API

The Pipeline Class

class pipeline.pipeline.Pipeline(name, display_name, settings_file=None, settings_from_file=True, log_status=False, conn=None, conn_name=None)

Main pipeline class

The pipeline class binds together extractors, schema, and loaders and runs everything together. Almost all Pipeline methods return the pipeline object, allowing for methods to be chained together.

close()

Close any open database connections.

enforce_full_pipeline()

Ensure that a pipeline has an extractor, schema, and loader

Raises:RuntimeError – if an extractor, schema, and loader are not all specified
extract(extractor, *args, **kwargs)

Set the extractor class and related arguments

Parameters:
  • extractor – Extractor class, see Built-in Extractors
  • target – location of the extraction target (file, url, etc.)
load(loader, config_string=None, *args, **kwargs)

Sets the loader class

Parameters:loader – Loader class. See Built-in Loaders
Returns:modified Pipeline object
load_line(data)

Load a line into the pipeline’s data or throw an error

Parameters:data – A parsed line from an extractor’s handle_line method
parse_config_piece(pipeline_piece, config_piece_string)

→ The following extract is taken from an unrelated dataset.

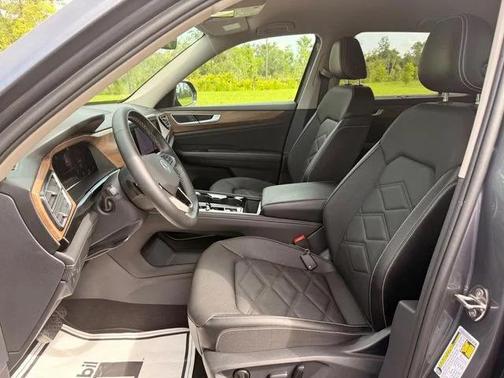 Other 2025 Volkswagen Atlas 2.0T SE w/Technology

Parse out a small piece of the overall pipeline configuration

This is used to pass only the relevant parts of configuration to the relevant loaders. The structure allows configuration to grow larger without forcing implementing functions to know exactly how the configuration must be structured.

Parameters:
  • pipeline_piece – which part of the pipeline to use (for example, ‘loader’). This should not be modified by the user.
  • config_piece_string – passed by the user, allows accessing a deeper nested part of the configuration
Returns:

Isolated configuration only for the specified piece

Raises:
  • InvalidConfigException when the specified configuration
  • piece cannot be found
pre_run()

Method to be run immediately before the pipeline runs

Enforces that a pipeline is complete and, connects to the statusdb

Returns:A unix timestamp of the pipeline’s start time.
run()

Main pipeline run method

One of the main features is that the connector, extractor, schema, and loader are all instantiated here as opposed to when they are declared on pipeline instantiation. This delays opening connections until the last possible moment.

The run method works essentially as follow:

  1. Run the pre_run method, which gives us the pipeline start time, ensures that our pipeline has all of the required component pieces, and connects to the status db.
  2. Boot up a new connection object, and get the checksum of the connected iterable.
  3. Check to make sure that the incoming checksum is different from the previous run’s input_checksum
  4. Instantiate our schema
  5. Iterate through the iterable returned from the connector’s connect method, handling each element with the extractor’s handle_line method before passing it to the the load_line method to attach each row to the pipeline’s data.
  6. After iteration, clean up the connector
  7. Instantiate the loader and load the data
  8. Finally, update the status to successful run and close down and clean up the pipeline.
schema(schema)

Set the schema class

Parameters:schema – Schema class
Returns:modified Pipeline object
set_config_from_file(file)

Sets the pipeline’s configuration from file

Parameters:

file – Location of the configuration to load

Raises:
  • InvalidConfigException – if configuration is found or
  • the found configuration is not valid json

Job Status

class pipeline.status.Status(conn, name, display_name, last_ran, start_time, status, frequency, num_lines, input_checksum)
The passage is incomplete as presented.